Compressor fridges

Feb 6, 2013
80
50
18
Perth
#1
Hi all,
I'm seriously considering a compressor fridge, more likely a waeco CR140, for my next caravan and I'm seeking anyone's advice who has this style of fridge instead of the three way. I do a lot of free camping so will need to rely on a good battery and solar set up. Currently looking at two 100amp/hr batteries and two to three solar panels either 120w or 150w. Will this be sufficient for three to five days off the grid without having to run a generator. What have others experienced and what size set ups are you using?

Thanks
 

Bushman

Forum Moderator
Staff member
Nov 9, 2010
3,006
2,247
113
Wollondilly Shire NSW
#2
I considering compressor fridge next time, though most of our free camps are generally one or two nights on the way to somewhere then it's either parks or showground

I have a mate that does van solar installation/upgrades and other accessories, he recommends minimum 400 watts of solar for compressor fridge set ups in vans with minimum 2 X batteries
 

millers

Active Member
Mar 25, 2011
206
147
43
Adelaide
#3
Have had a compressor fridge in a previous van, but not set up for free camping. Operated from 12V car or 240V connection with auto switchover.

Reason for change was consistent operation, could not get fridge temp right and would loose a lot of food. I think we have this right in the expanda and also use a temperature monitor.

I found a comparison chart here https://www.caravanrvcamping.com.au/caravan-fridge-comparison-chart and I assume that there is a lot of them about.

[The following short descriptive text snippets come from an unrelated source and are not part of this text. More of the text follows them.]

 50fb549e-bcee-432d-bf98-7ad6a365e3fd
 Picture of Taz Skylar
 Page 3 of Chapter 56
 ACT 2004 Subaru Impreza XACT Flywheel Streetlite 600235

Taking one as an example Vitrifrigo DP150i Compressor Fridge the figures are:

Max current draw (12V): 3.3 Amps from https://www.vitrifrigofridges.co.uk/dp150ifridge.htm but comparison chart indicates 54W (4.5 Amps) with an average of 28W (2.3 Amps).

So at the max end you have 100aH battery and want to only discharge 50% it would last 11 hours (100 / 4.5 * 50%)

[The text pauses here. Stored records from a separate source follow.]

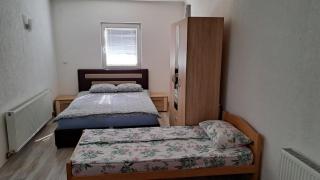 Apartman Natasa - Foča - 4
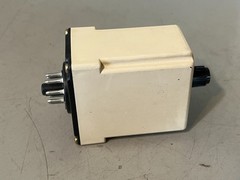Square D, Relay, 9050 JCK15V20
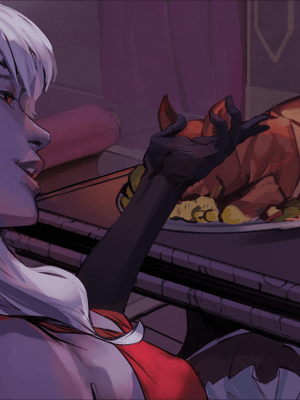 [Vénus Noire] Seeds Of Chaos [v0.3.02A] (1080 Images)_0813_roxjezxmaids_3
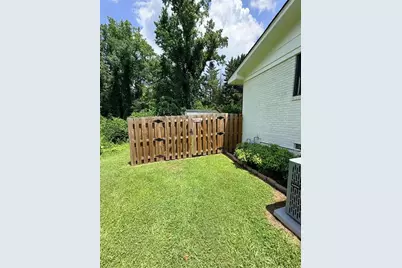 314 Spring Street, Toccoa, GA 30577 - Photo 9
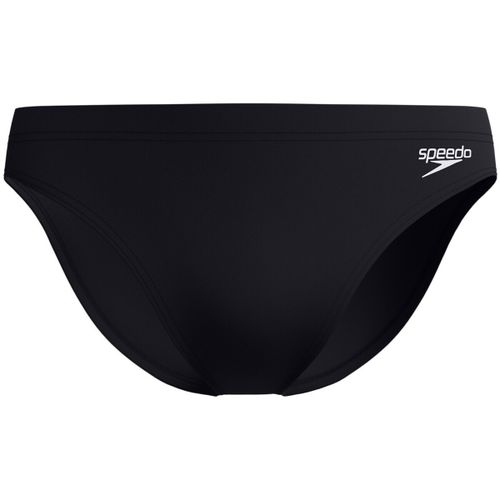 Maillots de bain Speedo PT785 - Speedo - Modalova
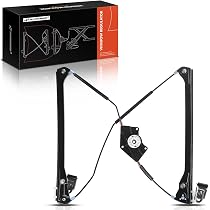 Câble de contrôle de poignée de porte de voiture pièces automobiles en gros pour VW 3b0837085 - Chine Pièces automobiles et de motocyclettes, Accessoires automobiles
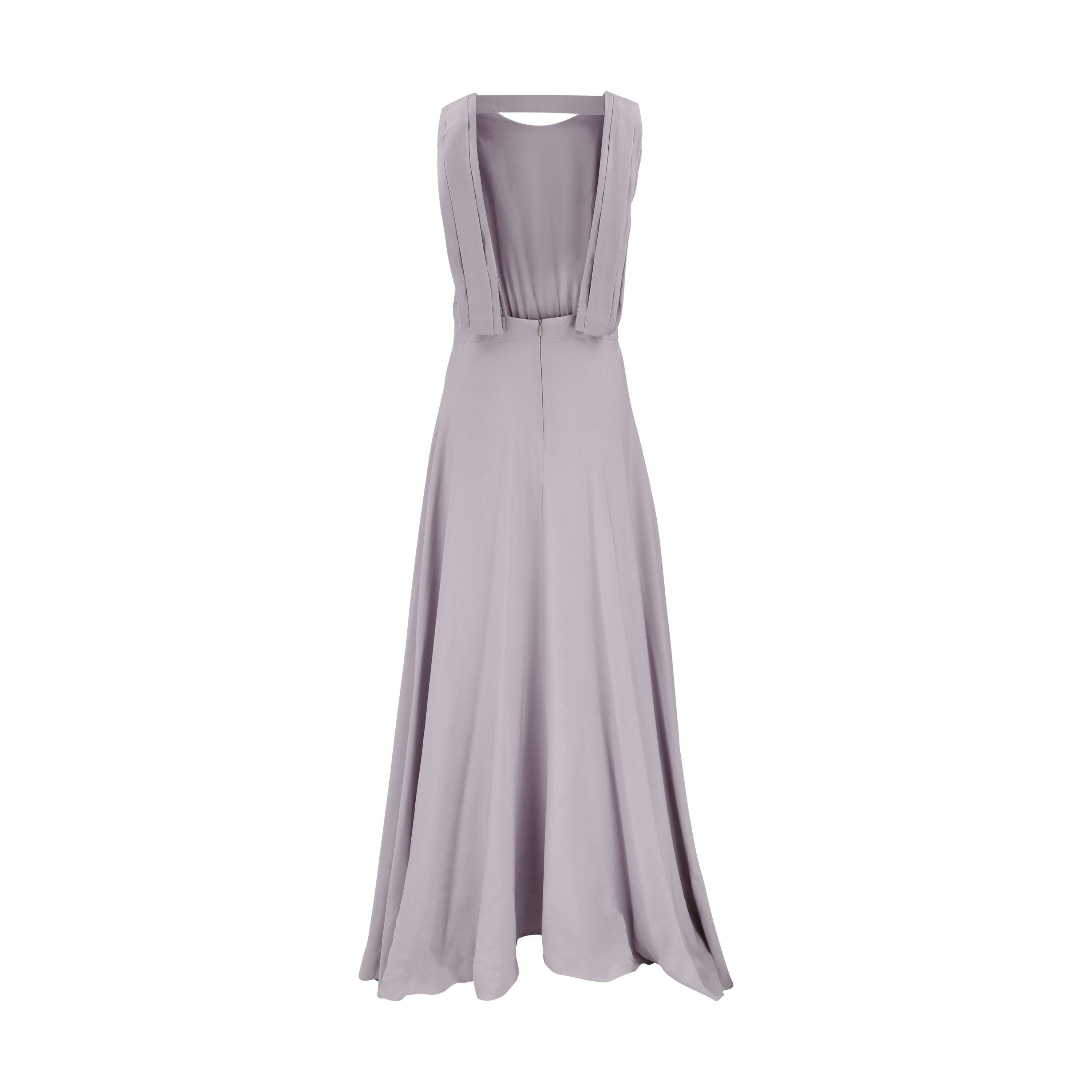 Faith Dress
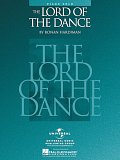 The Lord Of The Dance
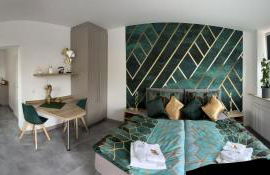 Willma Apartmenthaus - Foto 74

For average this is 21 hours (100 / 2.3 * 50%)

For the 3.3 Amp it is 15 hours.

Doing the reverse and using 12 hour night the drain on the battery as a percentage would be:

Max: 54% drain leaving battery at 46% (4.5 * 12) / 100 as a percentage)
Average: 28% drain battery at 72 %
Spec: 40% drain battery at 60%

Adding all of the other 12V power used at night, you can determine the overall drain and also determine the safety margin you want to have (ie only want to use 30% of battery reserve on average).

Then the day time scenario is that you have to supply the fridge (and other appliances / lights) from the solar and then any current left over is used to charge the batteries. So the solar would need to supply minimum of 2.3 amps (average) up to 4.5 amps (max) at the battery before you would start to charge the batteries.

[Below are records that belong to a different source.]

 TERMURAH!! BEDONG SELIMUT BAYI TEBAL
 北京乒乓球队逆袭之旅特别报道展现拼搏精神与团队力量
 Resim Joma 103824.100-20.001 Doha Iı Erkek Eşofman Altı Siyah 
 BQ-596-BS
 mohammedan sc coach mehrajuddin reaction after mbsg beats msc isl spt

I am not up to date with solar efficiency but if we use 20% to cover electrical, pointing and weather efficiency plus 12 hours of charging then:

400W of solar would give 400 * 50% / 12V * 12 Hours gives 200 aH, but using average fridge load you are looking at the fridge using 28 aH of that plus any other items running.

Apologies for the long winded response, but hopefully this gives some details if you want to do some calculations. Noting that efficiency factors are generally WAGs (Wild A... Guess) and very dependent on where you are.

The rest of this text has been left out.